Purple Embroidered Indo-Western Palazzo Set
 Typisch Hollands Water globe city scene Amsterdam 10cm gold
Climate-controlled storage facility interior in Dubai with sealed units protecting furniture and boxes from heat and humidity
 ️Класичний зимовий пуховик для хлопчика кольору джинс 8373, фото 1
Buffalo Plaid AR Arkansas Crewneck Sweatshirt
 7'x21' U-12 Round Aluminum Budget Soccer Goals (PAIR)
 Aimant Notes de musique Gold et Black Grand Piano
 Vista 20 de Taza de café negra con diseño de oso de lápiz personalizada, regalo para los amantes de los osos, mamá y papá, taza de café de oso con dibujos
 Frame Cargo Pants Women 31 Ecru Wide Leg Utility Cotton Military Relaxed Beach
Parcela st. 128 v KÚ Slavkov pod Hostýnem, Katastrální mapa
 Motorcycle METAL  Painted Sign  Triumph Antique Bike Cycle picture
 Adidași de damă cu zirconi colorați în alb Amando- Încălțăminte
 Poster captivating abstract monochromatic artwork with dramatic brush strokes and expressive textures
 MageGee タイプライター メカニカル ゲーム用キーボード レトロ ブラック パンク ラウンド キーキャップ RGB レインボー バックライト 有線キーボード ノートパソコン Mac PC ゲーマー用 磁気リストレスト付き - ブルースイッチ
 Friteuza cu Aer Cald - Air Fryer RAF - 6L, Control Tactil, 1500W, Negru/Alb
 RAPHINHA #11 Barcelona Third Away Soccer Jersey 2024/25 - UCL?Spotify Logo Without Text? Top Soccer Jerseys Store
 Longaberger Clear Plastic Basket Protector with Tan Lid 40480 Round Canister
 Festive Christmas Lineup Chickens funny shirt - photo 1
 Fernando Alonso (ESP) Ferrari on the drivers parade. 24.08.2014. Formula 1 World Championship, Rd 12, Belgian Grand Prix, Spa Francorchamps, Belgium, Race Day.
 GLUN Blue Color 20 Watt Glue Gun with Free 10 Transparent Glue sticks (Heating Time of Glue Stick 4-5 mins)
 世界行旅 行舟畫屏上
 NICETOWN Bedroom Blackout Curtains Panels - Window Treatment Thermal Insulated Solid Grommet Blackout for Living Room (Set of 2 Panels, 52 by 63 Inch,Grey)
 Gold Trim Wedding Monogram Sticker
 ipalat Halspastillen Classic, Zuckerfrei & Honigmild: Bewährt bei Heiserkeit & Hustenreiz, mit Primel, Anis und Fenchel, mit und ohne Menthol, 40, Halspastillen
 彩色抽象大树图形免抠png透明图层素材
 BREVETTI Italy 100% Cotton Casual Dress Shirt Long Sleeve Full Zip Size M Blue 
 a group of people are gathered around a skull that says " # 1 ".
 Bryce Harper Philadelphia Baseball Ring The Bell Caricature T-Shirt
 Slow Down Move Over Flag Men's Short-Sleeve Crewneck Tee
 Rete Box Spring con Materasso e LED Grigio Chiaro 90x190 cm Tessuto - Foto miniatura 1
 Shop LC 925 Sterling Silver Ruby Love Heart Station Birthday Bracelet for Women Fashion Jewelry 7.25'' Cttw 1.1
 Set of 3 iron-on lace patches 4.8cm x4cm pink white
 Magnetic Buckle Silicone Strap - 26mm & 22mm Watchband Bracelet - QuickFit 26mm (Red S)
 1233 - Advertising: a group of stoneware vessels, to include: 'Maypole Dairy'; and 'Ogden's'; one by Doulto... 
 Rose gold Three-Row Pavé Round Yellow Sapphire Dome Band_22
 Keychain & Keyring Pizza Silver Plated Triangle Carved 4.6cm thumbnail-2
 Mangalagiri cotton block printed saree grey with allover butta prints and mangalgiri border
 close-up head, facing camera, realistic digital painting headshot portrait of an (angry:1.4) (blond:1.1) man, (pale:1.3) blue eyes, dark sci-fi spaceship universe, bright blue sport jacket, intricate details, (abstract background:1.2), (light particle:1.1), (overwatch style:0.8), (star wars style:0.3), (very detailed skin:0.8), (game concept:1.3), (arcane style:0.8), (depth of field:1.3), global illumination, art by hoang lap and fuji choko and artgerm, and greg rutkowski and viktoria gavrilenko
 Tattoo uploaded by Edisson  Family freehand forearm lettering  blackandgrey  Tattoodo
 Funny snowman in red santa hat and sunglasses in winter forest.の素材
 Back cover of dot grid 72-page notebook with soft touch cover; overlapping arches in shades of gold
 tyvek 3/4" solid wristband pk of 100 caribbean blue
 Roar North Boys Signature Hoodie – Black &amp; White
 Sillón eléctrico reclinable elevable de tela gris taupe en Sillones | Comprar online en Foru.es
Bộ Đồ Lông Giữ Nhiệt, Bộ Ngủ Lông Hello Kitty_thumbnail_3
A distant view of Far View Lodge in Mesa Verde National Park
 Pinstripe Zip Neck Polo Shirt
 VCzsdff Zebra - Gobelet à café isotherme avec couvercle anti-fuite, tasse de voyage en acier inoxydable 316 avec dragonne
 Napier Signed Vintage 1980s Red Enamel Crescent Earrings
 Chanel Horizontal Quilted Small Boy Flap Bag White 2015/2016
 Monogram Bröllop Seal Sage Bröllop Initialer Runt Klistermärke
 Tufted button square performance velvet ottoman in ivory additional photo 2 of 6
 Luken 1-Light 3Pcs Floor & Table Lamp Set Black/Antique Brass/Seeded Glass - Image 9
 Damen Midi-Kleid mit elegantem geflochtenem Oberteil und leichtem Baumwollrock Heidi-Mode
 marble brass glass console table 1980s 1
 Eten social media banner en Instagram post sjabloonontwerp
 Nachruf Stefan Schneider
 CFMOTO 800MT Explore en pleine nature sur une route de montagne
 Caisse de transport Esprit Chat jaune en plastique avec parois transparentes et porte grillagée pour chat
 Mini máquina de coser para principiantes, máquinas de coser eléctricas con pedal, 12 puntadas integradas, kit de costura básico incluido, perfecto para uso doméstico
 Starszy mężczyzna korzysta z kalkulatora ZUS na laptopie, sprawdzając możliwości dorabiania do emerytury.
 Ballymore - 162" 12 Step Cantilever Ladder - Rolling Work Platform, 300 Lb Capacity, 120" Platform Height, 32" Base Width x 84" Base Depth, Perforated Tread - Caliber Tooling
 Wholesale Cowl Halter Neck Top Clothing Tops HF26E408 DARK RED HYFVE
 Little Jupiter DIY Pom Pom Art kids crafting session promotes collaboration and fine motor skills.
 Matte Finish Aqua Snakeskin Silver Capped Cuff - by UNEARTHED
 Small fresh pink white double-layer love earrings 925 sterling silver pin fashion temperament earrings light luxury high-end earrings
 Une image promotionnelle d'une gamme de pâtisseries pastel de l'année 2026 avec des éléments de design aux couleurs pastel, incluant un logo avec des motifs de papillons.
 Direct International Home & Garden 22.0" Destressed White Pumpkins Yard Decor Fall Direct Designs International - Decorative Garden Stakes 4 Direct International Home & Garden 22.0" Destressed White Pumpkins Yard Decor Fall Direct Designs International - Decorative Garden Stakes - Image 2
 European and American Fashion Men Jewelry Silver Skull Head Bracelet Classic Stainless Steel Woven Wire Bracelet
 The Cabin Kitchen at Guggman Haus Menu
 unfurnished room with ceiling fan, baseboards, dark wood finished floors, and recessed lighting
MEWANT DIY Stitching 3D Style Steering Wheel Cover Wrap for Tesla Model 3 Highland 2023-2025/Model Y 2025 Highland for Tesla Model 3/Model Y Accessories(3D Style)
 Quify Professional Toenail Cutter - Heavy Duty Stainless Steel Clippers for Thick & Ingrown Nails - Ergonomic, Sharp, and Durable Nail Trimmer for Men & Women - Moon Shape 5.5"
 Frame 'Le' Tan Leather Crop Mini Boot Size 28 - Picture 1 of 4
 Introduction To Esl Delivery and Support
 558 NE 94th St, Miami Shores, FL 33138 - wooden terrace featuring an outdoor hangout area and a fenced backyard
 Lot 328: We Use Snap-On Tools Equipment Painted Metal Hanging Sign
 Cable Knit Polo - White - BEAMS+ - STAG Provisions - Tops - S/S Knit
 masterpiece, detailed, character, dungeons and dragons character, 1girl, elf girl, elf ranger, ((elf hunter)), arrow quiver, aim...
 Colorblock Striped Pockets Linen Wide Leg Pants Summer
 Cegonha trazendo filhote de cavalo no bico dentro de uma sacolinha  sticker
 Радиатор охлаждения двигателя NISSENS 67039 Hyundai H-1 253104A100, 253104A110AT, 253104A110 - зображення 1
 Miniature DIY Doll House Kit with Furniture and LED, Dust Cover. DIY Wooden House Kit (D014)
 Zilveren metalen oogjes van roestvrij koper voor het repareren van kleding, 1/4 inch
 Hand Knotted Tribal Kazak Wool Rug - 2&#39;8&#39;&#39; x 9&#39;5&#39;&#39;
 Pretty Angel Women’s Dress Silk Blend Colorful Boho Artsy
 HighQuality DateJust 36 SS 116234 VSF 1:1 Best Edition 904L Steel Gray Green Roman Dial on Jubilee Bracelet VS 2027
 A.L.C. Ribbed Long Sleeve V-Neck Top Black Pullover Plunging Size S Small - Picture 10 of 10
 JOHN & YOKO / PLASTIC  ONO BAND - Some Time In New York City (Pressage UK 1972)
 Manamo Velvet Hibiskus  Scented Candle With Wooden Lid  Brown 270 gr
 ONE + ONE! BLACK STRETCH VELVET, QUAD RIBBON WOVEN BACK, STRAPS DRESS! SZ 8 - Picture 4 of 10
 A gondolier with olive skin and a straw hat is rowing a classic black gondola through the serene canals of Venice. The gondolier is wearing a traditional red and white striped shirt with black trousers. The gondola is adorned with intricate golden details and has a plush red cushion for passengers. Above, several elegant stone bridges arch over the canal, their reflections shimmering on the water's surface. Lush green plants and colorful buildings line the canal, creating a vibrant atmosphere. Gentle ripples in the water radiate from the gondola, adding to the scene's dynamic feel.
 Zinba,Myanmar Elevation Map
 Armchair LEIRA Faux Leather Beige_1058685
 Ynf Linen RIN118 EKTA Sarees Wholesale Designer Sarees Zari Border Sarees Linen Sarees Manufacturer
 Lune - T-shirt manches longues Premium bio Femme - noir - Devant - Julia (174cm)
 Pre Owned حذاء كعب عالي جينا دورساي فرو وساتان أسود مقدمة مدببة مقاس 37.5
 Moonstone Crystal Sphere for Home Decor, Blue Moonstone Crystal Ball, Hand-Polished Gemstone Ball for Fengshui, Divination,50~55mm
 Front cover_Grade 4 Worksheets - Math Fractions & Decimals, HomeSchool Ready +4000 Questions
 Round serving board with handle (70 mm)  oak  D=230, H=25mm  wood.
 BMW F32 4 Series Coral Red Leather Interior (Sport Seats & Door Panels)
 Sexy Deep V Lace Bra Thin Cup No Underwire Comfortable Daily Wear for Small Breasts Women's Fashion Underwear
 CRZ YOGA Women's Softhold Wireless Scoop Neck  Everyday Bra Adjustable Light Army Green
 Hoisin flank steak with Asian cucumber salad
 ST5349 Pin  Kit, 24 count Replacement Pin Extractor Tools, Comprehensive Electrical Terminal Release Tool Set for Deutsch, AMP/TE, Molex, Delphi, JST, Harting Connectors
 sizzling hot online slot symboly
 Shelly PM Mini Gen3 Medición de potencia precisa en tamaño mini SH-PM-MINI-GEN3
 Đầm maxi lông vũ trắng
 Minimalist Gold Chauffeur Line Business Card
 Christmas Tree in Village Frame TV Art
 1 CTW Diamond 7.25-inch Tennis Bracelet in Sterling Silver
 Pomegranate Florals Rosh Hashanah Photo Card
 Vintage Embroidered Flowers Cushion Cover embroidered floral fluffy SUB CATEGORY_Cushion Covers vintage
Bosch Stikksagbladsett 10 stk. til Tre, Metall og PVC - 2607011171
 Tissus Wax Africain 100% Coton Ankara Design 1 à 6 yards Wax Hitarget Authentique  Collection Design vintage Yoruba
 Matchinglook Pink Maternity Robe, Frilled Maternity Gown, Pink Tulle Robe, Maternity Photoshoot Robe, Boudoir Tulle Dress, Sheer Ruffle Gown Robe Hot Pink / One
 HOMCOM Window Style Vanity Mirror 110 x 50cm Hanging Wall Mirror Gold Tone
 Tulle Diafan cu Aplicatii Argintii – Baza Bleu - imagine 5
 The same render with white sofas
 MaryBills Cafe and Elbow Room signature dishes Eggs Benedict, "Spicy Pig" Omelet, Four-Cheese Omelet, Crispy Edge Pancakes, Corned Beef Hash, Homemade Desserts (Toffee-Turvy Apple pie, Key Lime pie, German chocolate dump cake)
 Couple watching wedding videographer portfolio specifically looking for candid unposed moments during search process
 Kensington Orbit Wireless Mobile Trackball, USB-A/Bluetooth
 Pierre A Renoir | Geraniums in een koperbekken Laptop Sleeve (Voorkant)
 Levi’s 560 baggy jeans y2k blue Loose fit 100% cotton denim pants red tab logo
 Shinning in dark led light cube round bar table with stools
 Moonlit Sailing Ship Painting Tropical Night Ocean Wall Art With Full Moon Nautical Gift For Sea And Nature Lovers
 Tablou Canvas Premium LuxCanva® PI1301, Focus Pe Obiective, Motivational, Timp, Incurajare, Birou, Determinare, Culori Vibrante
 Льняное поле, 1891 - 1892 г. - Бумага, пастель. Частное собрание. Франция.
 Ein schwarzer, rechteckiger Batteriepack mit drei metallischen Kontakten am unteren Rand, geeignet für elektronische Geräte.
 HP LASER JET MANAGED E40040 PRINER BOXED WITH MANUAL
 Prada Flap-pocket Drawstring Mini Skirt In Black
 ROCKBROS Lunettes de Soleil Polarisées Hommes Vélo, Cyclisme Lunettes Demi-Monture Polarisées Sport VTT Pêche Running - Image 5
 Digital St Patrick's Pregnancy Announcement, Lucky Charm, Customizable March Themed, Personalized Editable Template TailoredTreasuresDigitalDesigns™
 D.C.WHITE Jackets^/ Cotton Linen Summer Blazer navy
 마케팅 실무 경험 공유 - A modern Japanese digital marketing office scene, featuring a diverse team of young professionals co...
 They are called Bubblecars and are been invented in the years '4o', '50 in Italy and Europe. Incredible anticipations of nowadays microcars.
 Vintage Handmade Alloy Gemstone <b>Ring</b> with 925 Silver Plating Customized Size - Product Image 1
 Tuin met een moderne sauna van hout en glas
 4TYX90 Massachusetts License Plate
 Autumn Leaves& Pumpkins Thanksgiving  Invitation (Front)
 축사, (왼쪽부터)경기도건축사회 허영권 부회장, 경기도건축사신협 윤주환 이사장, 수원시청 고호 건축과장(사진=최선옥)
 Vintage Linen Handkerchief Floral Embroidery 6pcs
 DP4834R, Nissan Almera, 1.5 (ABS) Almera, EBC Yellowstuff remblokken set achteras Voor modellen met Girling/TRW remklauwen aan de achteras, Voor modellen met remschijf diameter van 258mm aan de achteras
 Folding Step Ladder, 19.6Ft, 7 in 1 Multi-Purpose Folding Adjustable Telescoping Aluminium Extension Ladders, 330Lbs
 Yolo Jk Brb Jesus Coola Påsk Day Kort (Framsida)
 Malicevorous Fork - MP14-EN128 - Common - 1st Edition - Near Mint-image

· · · ·

■ Task prompt ■
In the entries above, copy the lines from the one that contains "Prada Flap-pocket Drawstring" through the last line, exactly as they appear.

■ Finished exercise ■
 Prada Flap-pocket Drawstring Mini Skirt In Black
 ROCKBROS Lunettes de Soleil Polarisées Hommes Vélo, Cyclisme Lunettes Demi-Monture Polarisées Sport VTT Pêche Running - Image 5
 Digital St Patrick's Pregnancy Announcement, Lucky Charm, Customizable March Themed, Personalized Editable Template TailoredTreasuresDigitalDesigns™
 D.C.WHITE Jackets^/ Cotton Linen Summer Blazer navy
 마케팅 실무 경험 공유 - A modern Japanese digital marketing office scene, featuring a diverse team of young professionals co...
 They are called Bubblecars and are been invented in the years '4o', '50 in Italy and Europe. Incredible anticipations of nowadays microcars.
 Vintage Handmade Alloy Gemstone <b>Ring</b> with 925 Silver Plating Customized Size - Product Image 1
 Tuin met een moderne sauna van hout en glas
 4TYX90 Massachusetts License Plate
 Autumn Leaves& Pumpkins Thanksgiving  Invitation (Front)
 축사, (왼쪽부터)경기도건축사회 허영권 부회장, 경기도건축사신협 윤주환 이사장, 수원시청 고호 건축과장(사진=최선옥)
 Vintage Linen Handkerchief Floral Embroidery 6pcs
 DP4834R, Nissan Almera, 1.5 (ABS) Almera, EBC Yellowstuff remblokken set achteras Voor modellen met Girling/TRW remklauwen aan de achteras, Voor modellen met remschijf diameter van 258mm aan de achteras
 Folding Step Ladder, 19.6Ft, 7 in 1 Multi-Purpose Folding Adjustable Telescoping Aluminium Extension Ladders, 330Lbs
 Yolo Jk Brb Jesus Coola Påsk Day Kort (Framsida)
 Malicevorous Fork - MP14-EN128 - Common - 1st Edition - Near Mint-image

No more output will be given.